Config ft_min_word_len var in MySQL

Anon · Apr 5, 2002

I have tried many different ways to change the FULLTEXT variable ft_min_word_len but even when I get the message that 0 rows have been affected, new installation of MySQL 4, the variable is still the same. I have run out of ideas, have tried to follow every tip in the manual but nothing seems to work.

I am positioned in the root.

[deleted] · Apr 5, 2002

Did you do what the manual says; add it as a startup parameter to mysqld?

and did the new value show up in 'show variables'

and why are you using crappy-old FULLTEXT that only finds whole words anyway? It's very easy to write your own searchengine thingy, look at the 'slapping together a search engine' article.

A forum, a FAQ, email notification, what else do you need?

Time to YAPF!: http://www.hvt-automation.nl/yapf/

Anon · Apr 5, 2002

Eventually I got it changed:
shell> vim my.cnf
added:
set variable = ft_min_word_len=1
under [mysqld]
saved the file and restarted MySQL with:
shell> /etc/init.d/mysql stop
shell> /etc/init.d/mysql start

Well Vincent, Fulltext isn't that old in MySQL. And I wanted to test the binary Fulltext MySQL 4.
Will take a look at the article though, Thanks. :-)

saloon12yrd · Apr 5, 2002

Hi vincent,

to me the engine discussed in the "slapping together..." article simply looks like a re-implementation on sql level what the fulltext feature does internally.
Subwords are not matched and a lot of duplicate data is generated in the search_table. At least that's how it looks to me.

Why not implementing like this (just a rough idea, be gentle):

1) Find a fast algorithm that fits your needs and returns the relevancy of a text for a given (sub)word or phrase. (phonetic search, levenshtein, custom, don't know)

2) Now add two more tables (indexes not mentioned):
CREATE TABLE searchwords (
wordID BIGINT(20),
word VARCHAR(255)
);

CREATE TABLE relevancy (
wordID BIGINT(20),
textID BIGINT(20),
relevancy FLOAT(3,2)
)

The table searchwords contains all search phrases that have been processed in the past.
The table relevancy references every text (must be identified by id, otherwise tune table) with relevant searchwords.

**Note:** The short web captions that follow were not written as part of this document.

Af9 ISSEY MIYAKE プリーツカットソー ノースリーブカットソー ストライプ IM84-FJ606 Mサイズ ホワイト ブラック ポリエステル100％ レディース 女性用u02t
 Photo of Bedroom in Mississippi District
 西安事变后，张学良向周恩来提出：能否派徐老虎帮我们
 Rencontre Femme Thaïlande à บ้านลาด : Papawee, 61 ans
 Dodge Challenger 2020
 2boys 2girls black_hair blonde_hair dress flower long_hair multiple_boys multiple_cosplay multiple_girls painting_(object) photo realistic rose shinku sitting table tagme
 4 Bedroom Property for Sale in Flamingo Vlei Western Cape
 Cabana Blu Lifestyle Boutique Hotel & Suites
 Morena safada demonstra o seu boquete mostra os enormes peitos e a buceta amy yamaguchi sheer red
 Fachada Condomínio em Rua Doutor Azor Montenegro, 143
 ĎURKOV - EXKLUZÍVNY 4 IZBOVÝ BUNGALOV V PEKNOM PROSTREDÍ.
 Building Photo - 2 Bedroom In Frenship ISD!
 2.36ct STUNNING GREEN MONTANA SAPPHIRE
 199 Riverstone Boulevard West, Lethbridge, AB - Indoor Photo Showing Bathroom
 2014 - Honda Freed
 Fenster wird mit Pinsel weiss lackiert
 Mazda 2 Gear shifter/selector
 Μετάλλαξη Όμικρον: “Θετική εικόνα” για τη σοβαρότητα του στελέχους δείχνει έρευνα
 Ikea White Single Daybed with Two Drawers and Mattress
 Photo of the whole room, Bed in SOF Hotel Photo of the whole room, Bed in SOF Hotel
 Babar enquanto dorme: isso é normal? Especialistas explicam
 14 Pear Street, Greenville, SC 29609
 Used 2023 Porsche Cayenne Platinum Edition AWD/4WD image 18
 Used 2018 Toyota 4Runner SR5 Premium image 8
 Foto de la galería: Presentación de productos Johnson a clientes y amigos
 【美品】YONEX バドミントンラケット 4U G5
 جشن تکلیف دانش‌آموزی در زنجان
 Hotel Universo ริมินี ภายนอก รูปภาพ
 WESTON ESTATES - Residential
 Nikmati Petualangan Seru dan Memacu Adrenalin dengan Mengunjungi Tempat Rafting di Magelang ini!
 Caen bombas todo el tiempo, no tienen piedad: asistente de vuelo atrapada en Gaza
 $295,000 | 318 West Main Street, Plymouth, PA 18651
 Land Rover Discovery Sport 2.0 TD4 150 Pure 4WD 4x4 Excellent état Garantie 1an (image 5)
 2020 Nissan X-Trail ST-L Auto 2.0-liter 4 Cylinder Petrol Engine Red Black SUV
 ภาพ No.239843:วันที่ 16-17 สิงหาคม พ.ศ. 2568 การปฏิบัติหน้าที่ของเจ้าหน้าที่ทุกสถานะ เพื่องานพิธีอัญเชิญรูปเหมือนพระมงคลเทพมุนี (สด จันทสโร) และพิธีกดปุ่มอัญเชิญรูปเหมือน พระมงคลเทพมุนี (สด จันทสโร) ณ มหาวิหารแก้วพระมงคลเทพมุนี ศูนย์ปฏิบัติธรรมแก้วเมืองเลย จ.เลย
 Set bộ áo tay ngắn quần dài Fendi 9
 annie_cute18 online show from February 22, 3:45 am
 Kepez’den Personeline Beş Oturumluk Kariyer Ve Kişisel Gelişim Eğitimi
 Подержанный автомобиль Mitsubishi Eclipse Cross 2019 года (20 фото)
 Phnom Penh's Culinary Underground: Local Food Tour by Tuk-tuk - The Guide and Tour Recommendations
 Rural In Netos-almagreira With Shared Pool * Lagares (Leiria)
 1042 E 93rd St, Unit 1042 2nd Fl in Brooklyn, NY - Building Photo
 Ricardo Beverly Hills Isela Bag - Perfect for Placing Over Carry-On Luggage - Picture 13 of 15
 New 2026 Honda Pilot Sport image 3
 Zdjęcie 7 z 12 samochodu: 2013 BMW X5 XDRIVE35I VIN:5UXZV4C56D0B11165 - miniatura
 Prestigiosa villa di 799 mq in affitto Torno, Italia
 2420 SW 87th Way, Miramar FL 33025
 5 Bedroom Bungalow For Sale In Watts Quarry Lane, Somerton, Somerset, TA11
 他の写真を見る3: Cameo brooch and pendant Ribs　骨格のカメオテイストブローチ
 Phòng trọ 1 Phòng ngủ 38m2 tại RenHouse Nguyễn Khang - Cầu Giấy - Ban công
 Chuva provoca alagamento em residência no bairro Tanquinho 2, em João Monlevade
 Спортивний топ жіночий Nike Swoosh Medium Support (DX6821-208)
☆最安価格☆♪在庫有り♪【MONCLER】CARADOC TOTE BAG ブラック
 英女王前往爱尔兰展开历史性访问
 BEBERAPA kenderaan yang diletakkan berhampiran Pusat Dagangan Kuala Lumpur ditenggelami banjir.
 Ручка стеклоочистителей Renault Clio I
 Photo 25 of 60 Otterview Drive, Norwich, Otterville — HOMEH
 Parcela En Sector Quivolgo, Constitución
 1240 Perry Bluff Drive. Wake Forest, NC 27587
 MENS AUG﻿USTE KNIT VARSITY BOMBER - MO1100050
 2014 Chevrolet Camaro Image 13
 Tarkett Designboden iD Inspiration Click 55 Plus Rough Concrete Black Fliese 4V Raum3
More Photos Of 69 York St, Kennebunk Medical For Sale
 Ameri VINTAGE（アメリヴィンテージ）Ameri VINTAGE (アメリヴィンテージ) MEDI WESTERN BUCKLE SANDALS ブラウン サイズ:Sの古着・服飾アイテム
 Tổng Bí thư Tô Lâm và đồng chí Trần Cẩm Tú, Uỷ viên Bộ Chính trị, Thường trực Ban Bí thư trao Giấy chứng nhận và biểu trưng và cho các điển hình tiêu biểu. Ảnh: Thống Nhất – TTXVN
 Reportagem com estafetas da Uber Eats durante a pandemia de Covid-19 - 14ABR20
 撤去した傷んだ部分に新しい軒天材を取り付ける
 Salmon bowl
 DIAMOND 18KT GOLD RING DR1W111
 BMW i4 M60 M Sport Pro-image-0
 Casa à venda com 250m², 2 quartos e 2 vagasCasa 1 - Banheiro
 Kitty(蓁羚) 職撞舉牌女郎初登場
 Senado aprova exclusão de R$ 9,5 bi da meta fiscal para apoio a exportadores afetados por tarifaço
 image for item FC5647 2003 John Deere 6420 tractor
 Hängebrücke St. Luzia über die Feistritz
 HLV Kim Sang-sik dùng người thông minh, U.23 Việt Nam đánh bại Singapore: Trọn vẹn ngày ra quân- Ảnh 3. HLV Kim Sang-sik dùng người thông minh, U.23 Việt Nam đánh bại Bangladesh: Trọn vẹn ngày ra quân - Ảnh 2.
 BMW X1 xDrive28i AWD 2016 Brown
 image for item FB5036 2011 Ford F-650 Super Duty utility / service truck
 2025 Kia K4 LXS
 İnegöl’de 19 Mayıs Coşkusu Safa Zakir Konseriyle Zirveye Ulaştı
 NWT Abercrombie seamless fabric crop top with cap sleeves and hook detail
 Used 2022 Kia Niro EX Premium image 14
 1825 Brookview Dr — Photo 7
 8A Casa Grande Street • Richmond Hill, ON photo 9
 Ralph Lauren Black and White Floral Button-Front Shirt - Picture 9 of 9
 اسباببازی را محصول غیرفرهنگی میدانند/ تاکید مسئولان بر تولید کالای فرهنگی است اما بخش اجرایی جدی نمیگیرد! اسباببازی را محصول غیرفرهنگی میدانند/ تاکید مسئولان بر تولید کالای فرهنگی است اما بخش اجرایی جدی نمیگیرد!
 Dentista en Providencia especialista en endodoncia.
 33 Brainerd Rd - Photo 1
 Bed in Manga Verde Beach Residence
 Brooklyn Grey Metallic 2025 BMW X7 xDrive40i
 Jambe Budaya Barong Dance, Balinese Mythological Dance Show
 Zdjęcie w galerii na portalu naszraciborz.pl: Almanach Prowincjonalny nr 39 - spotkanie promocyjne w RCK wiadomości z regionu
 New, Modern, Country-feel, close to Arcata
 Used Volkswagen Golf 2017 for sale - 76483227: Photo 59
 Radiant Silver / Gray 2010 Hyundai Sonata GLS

3) When a new search is performed check the phrase agains table searchwords. If it exists:

SELECT r.textID FROM relevancy AS r, searchwords AS s WHERE s.word='$phrase' AND s.wordID=r.wordID GROUP BY r.textID ORDER BY r.relevancy DESC

and you get all relevant textIDs ordered by relevance.
If the phrase does NOT exist apply the algorithm from 1) to every text and INSERT all relevancies into table relevancy and the phrase itself in searchwords.

4) When a new text is inserted match it against every entry in table searchwords using the algorithm from 1) and INSERT the appropriate entries in table relevancy.

5) When a given text is updated, delete all entries from table relevancy and treat it as a new text.

(end)

I'm aware that this is nothing new, even not very different from the method in the article. But I think it eliminates some of the difficulties/problems of the discussed method.
The key to success appeares to be in the algorithm. If that one is fast enough to handle a million texts (I'm talking newspaper level now) in a few seconds AND still fulfills the needs of relevancy I believe this method could actually be good...

What do you (everyone, not just vincent) think?

Greets,

Dominique

P.S.: vincent: Thanks for the hint in the register_shutdown_function() thread. I've got a working script. It'll be on zend.com this weekend.

[deleted] · Apr 5, 2002

Well the search engine in the article does have it's shortcomings, but in functionality it's equal to/surpasses FULLTEXT.

For example, fulltext does not do sub-words. Ever. In the 'slapped' search engine you can decide wether you want to search whole words or subwords or both (if a user wants to do a sub-word search and it's slow, tough cheese, he wanted it!)

With a small tweak, the script in the article can incorporate a hitcount, giving you not only the number of words that matched on your keywords, but also how many times the word occurs on the found page.
The current version just stores every word as found, but with a peanuts little query you can do a group by and get a wordcount.
Then you'd also be storing much less data than the real article does.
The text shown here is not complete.